Yeah I loved Tainan as well! I didn't have the beef soup there (I suppose you mean Taiwanese beef noodle?), but I tried it in Taipei and Singapore. It's great. The curious thing about southern Taiwan cuisine is that they always use sweet sauces, with pretty much everything - omelette, noodles, rice etc. I like it, but my wife (she's Taiwanese) isn't a fan. 

The weather was great. It was raining heavily on the night we arrived but after that it was hot again. Taipei, on the other hand was chilly.


----------



## El_Greco (Apr 1, 2005)

5. The famous Alishan Forest Railway. In the early 20th century Japanese colonists discovered a dense, primeval mountain forest in what was then a very remote area. To open the forest to the logging they built a railway network which still operates and is just one of three mountain railways still in existence in the World. Today it takes tourists up the mountains.










6. The day was overcast and raining, plus there was a good deal of mist, which, while obscuring the views, made the forest look magical as if from a fairy tale.










7. These trees are thousands of years old, the oldest one is 3000 years old - just imagine it was already old when Roman Empire was conquering her neighbours and is alive still!










8. A mountain temple.










9. Japanese built Buddhist Temple.










10. The burner for the Joss Paper otherwise known as Ghost Money.










With the visit to the Alishan our trip to the south of the country was concluded. From there we turned back and headed for Taipei again. We still made plenty of day trips though!

To be continued...


----------



## yansa (Jun 16, 2011)

I love that forest!
Excellent pics!


----------



## Benonie (Dec 21, 2005)

Wow!


----------



## El_Greco (Apr 1, 2005)

Thank you. :bow: The mountains were indeed spectacular. I want to return on a clear day now. Maybe next year.


----------



## Gratteciel (May 4, 2008)

Fascinating! :applause:


----------



## El_Greco (Apr 1, 2005)

Thanks!


----------



## El_Greco (Apr 1, 2005)

1. 18th century Zushi Temple in Sanxia - in New Taipei City.

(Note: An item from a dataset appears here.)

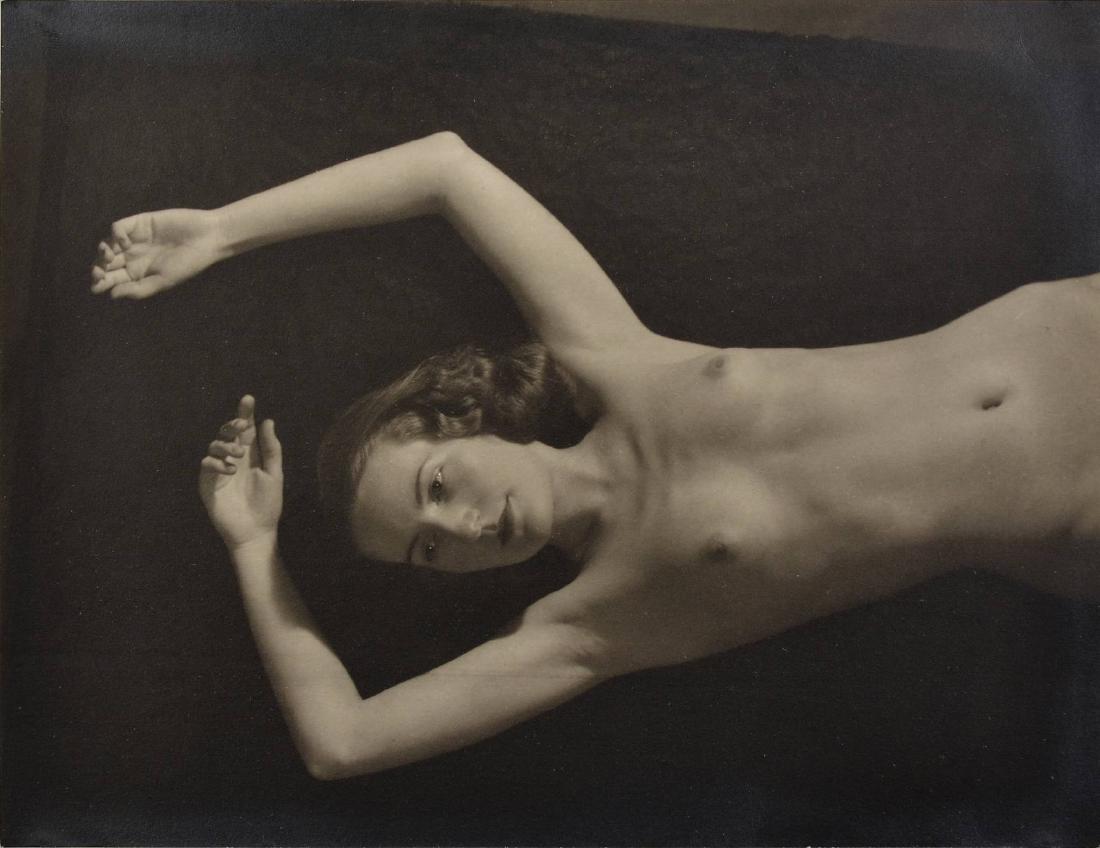 Jaromír Funke (1896-1945): NUDE1939Vintage gelatin silver print on matte paper. 160x122 mm. Attributed in pencil by artist`s daughter on the verso: "Vintage print by my father Jaromír Funke, Miloslava RupeŠov&aacu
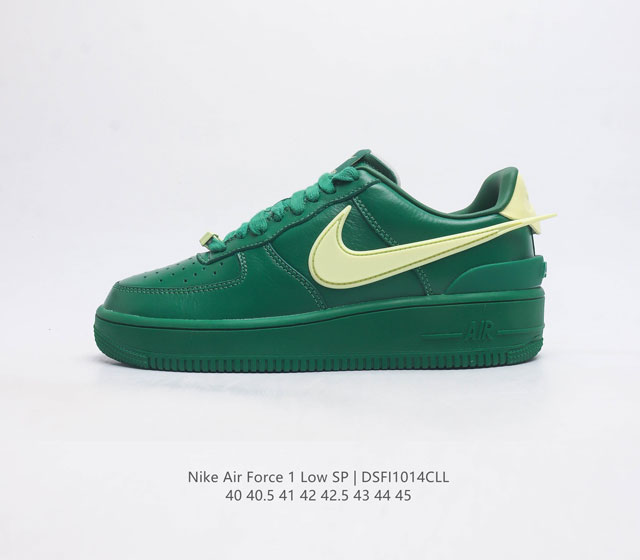 耐克 空军一号 Af1 低帮休闲板鞋 Ambush X Nk Air Force 1 07 Low S 空军一号联名 标志性的swoosh延伸至鞋跟之外 鞋舌和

2. Sanxia is best known for its Old Street - a beautiful thoroughfare full of Japanese era houses.










3. Beautiful facade.










4. The weather was somewhat rainy...










5.


----------



## Nightsky (Sep 16, 2002)

Nice pics again. The streetscape in the last two pics feels like an exotic Asian version of English townhouses, very interesting.


----------



## El_Greco (Apr 1, 2005)

It does indeed. I really enjoyed Sanxia, even though it's tiny and it was raining but it is a pretty little town, with some interesting shops.

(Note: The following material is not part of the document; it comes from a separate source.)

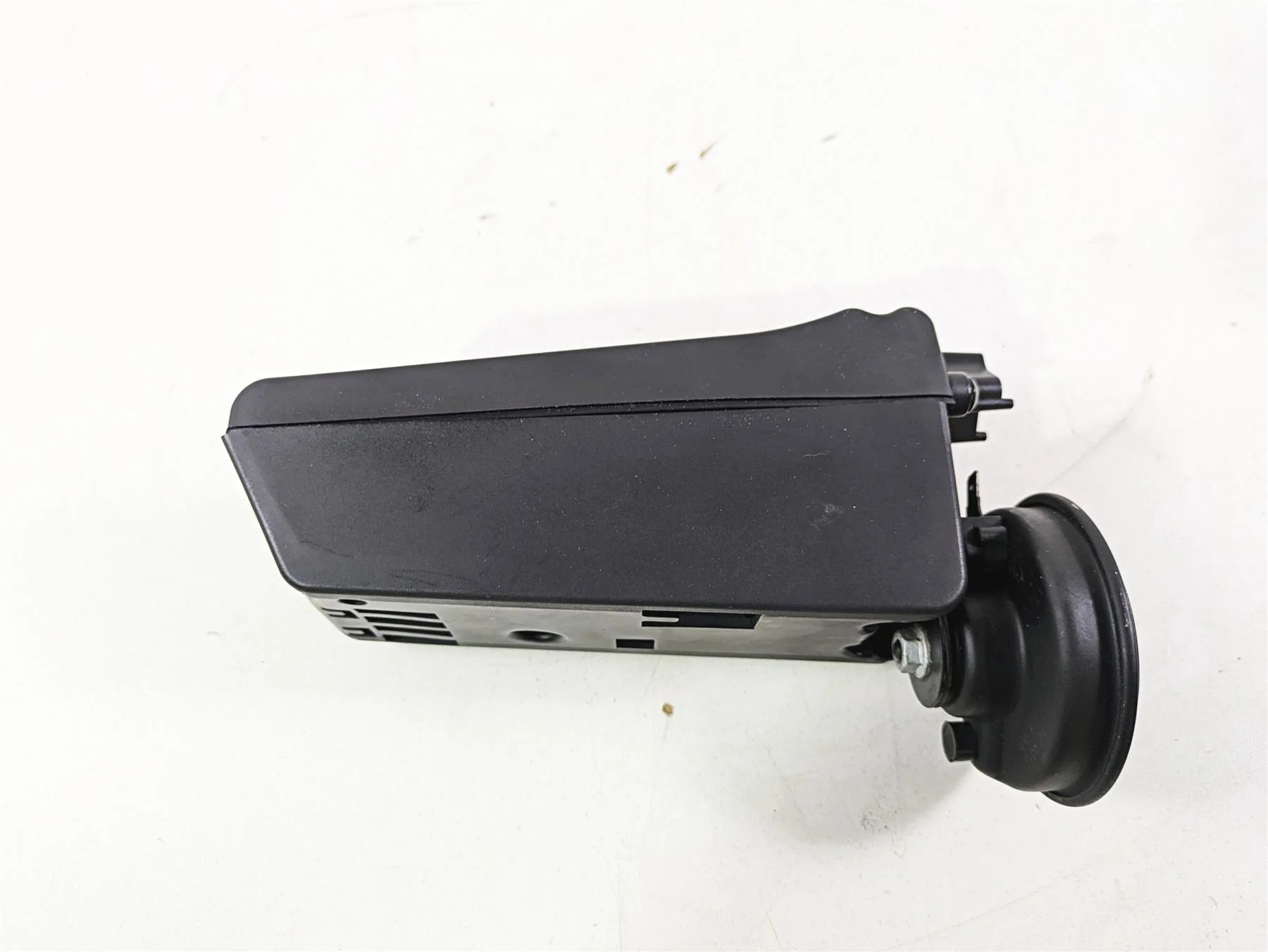 2021 Harley Softail FXST Standard Horn & Wiring Box 69202599 69000095 - Image 12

The nearby Daxi is another town known for its Old Street.

1. The architecture here is a bit different.










2. Still raining...










3. An old temple. It was closed, however, that made it possible to admire its paintings of Door Gods.


----------



## El_Greco (Apr 1, 2005)

Jiufen in the north of Taiwan is a small, former gold-mining town with steep-streets and amazing views over the surrounding mountains. During the 16th century as the Europeans were beginning to make inroads in the Far East, there was a rumour flying around of an island somewhere in the Pacific rich in gold. The Spaniards and the Dutch, suffering from what Cortes described as "a disease of the heart that can be cured only with gold", quickly narrowed down their search to Taiwan. However despite numerous expeditions none of the imperial powers ever managed to find sufficient gold desposits. The large scale exploitation only began in late Qing era (about 1890) and reached its peak during Japanese era. 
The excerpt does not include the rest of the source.